Monday, April 17, 2006

A morte de um filho

Quero sentir o teu vento na minha cara, nessa estrada que me fizeste percorrer, sem destino, sem origem, apenas um cheiro que me guia e me orienta pelo meio do nevoeiro cerrado e perfumado. Não te vejo, tenho dias em que já nem te sinto mas continuo a caminhar com a esperança de um inocente e com o sorriso de uma criança por esse caminho que para mim traçaste e que cumpro diariamente sem questionar. Não sei o que me continua a motivar, procuro uma míngua prova de ti em todas as árvores das bermas, em cada curva e em cada lomba. Revejo-te em cada carro, em cada face que comigo se cruza mas em todas elas tu te afastas e conduzes para longe.
Gostava de poder respirar o teu ar, tocar no teu rosto com aquele carinho especial de quem toca um filho. A vida levou-te para longe e por mais que caminhe não chego perto. Será Deus que não deixa?
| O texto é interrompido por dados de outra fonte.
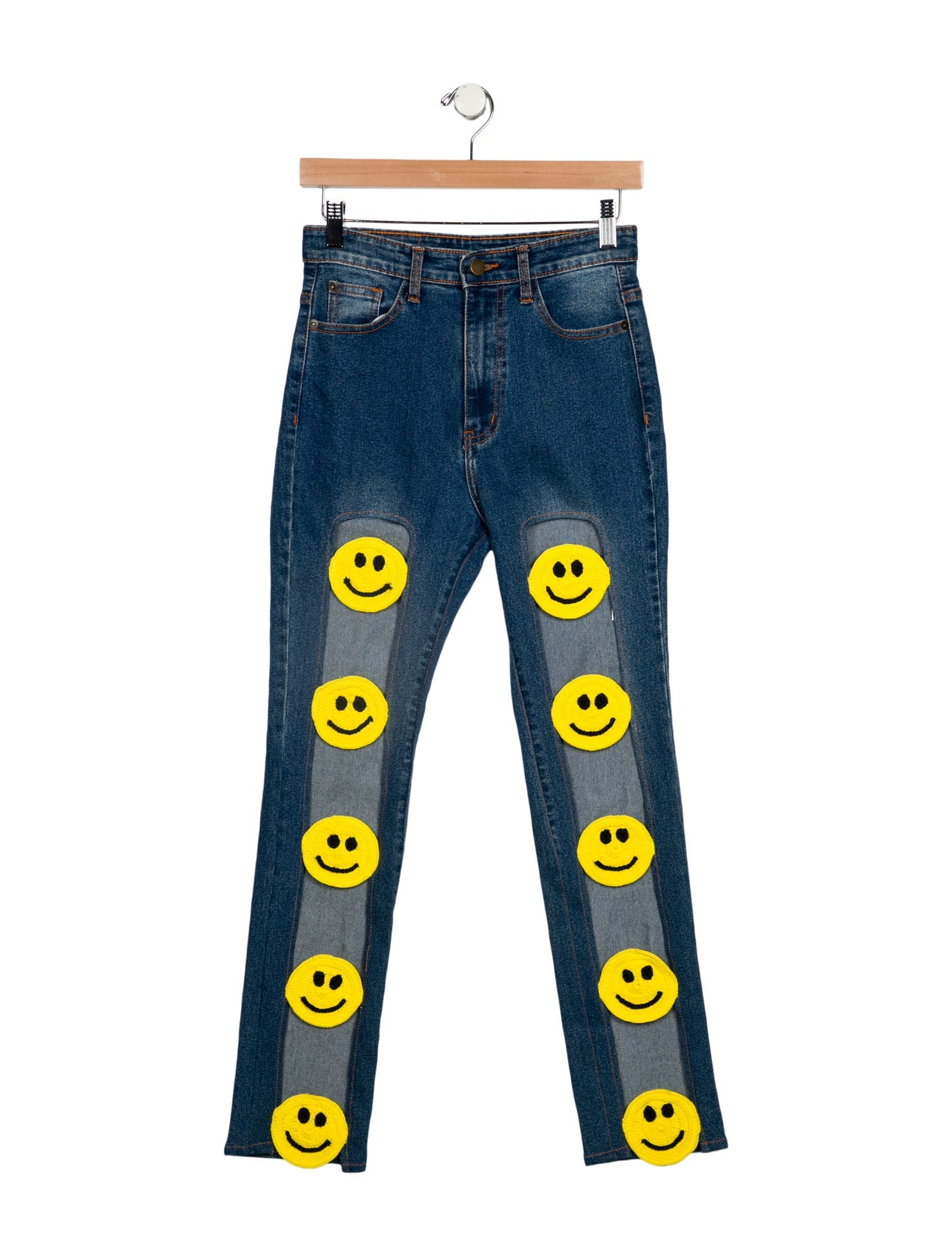 House of Mua Mua High-Rise Straight Leg Jeans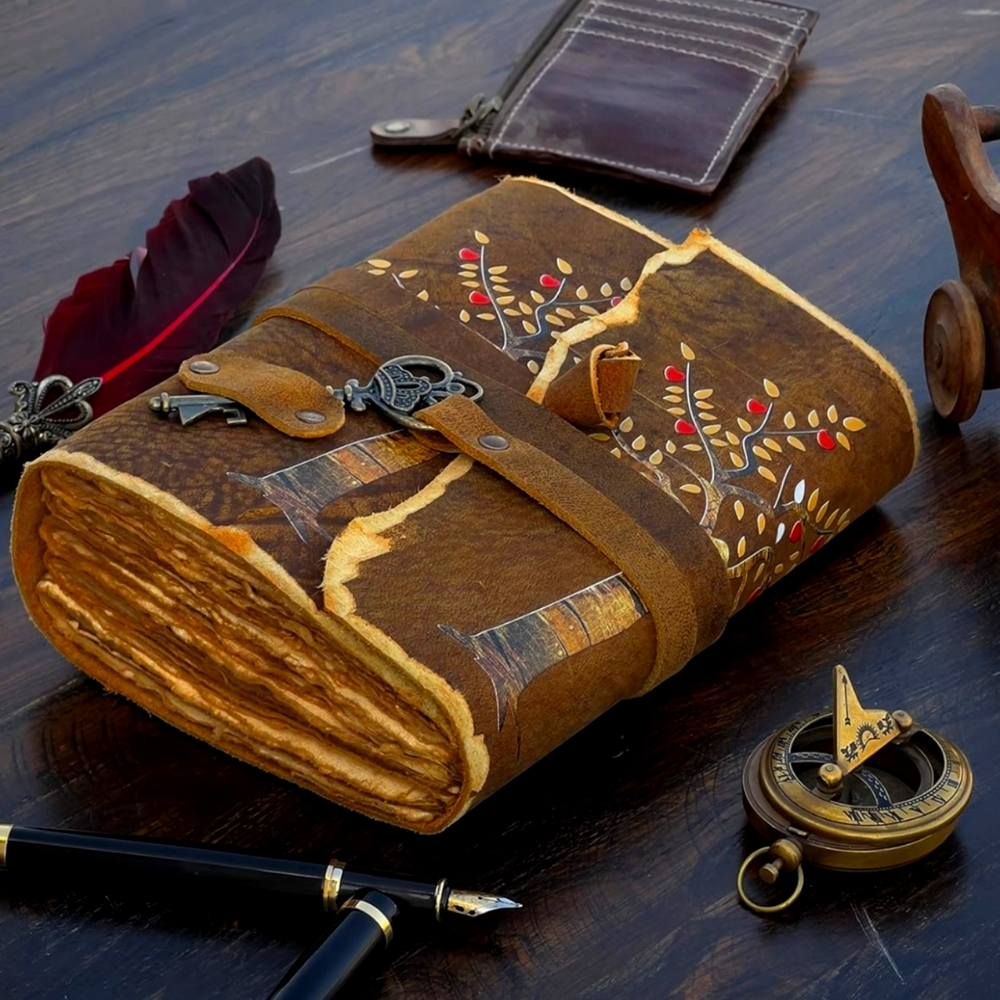 New Leather Antique Style Journal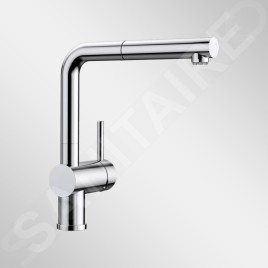 Blanco Linus S-F - Mitigeur d’évier avec douchette extractible, à basculer sous la fenêtre, chrome 514023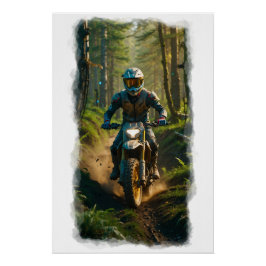 Póster Moto-xing - Pilotos de Motocross  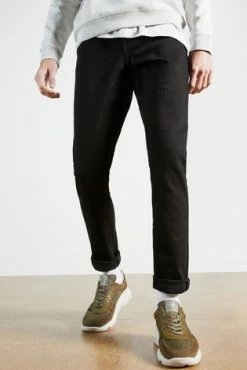 Ted Baker Tarabi Tapered Leg Black Denim Jeans -TED BAKER Sales Store unnamed file 5594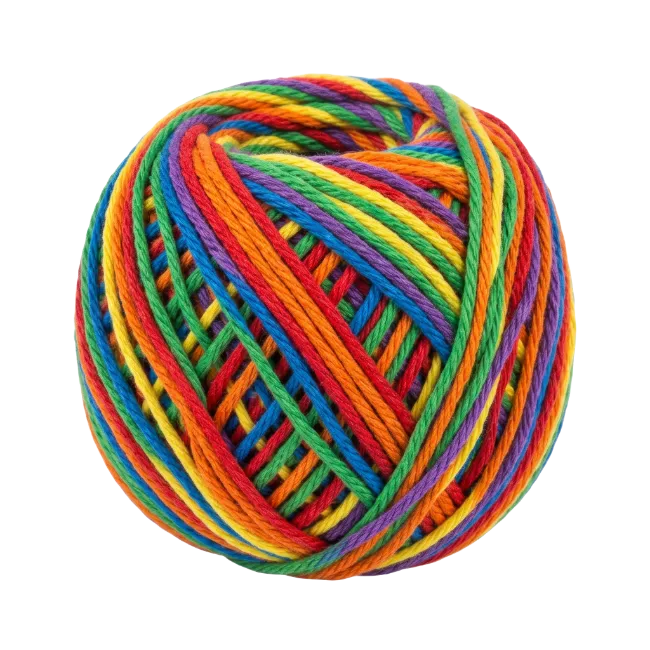 Colorful Yarn Ball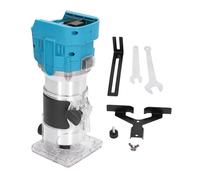 Lithium Ion Router Kit Compact Woodworking Electric Trimmer 880W 30000RPM with Transparent Base for DIY Enthusiasts and Professionals Precise Steel ABS 22cm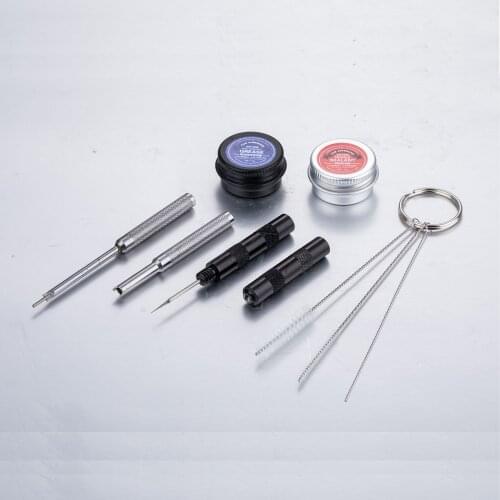 8 Set Professional Hot Sale Airbrush Accessories Air Brush Cleaning Repair Tool Kit Airbrushes Needle Brush Set Spray Gun Tools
Será o meu destino caminhar sem direcção, sozinho, perdido na vida, numa vida sem sentido que se desorientou quando partiste? Tenho esperança, grito a minha esperança em voz alta, num uivo longo e sofrido, que tento que chegue até ti, longe, muito longe, onde os anjos brincam e as nuvens se acomodam.
Sei que um dia vou voltar a sentir a tua presença, vou poder tocar na tua mão e beijar a tua testa. Não consegui proteger-te da vida, falhei, não te dei a segurança que evitasse a tua ida e tu foste, partiste de mim e deixaste-me sozinho. Não há dia em que não sonhe com esse pesadelo. Os animais escondem-se à minha passagem e a estrada vai ficando estreita e escura à medida dos meus passos. Estou cansado, estou extremamente cansado. Exausto caminho pela berma, com os olhos molhados pela emoção e dor que me crucifica o peito e amarra os movimentos. A raiva da injustiça invade-me, a cólera cega-me e desfaço as roupas que me protegem porque a pele queima e os ossos estalam de dor. Não quero sofrer mais mas sei que enquanto não te encontrar não vai existir minuto na terra em que terei paz. Deus não deveria permitir Invernos eternos porque a dor da escuridão mata sem nos impedir de respirar. Um dia iremos nos encontrar, no fundo desta estrada irei de novo abraçar-te e choraremos de alegria enquanto eu mato saudades do teu rosto que está para sempre gravado no meu pensamento numa tatuagem de sangue. Até esse dia, até esse dia vou respirando.

1 Comments:

Blogger Catarina said...

Na senda das metáforas... É um texto muito bonito, meu caro... Sentido. Espero que tenha sido um bom escape.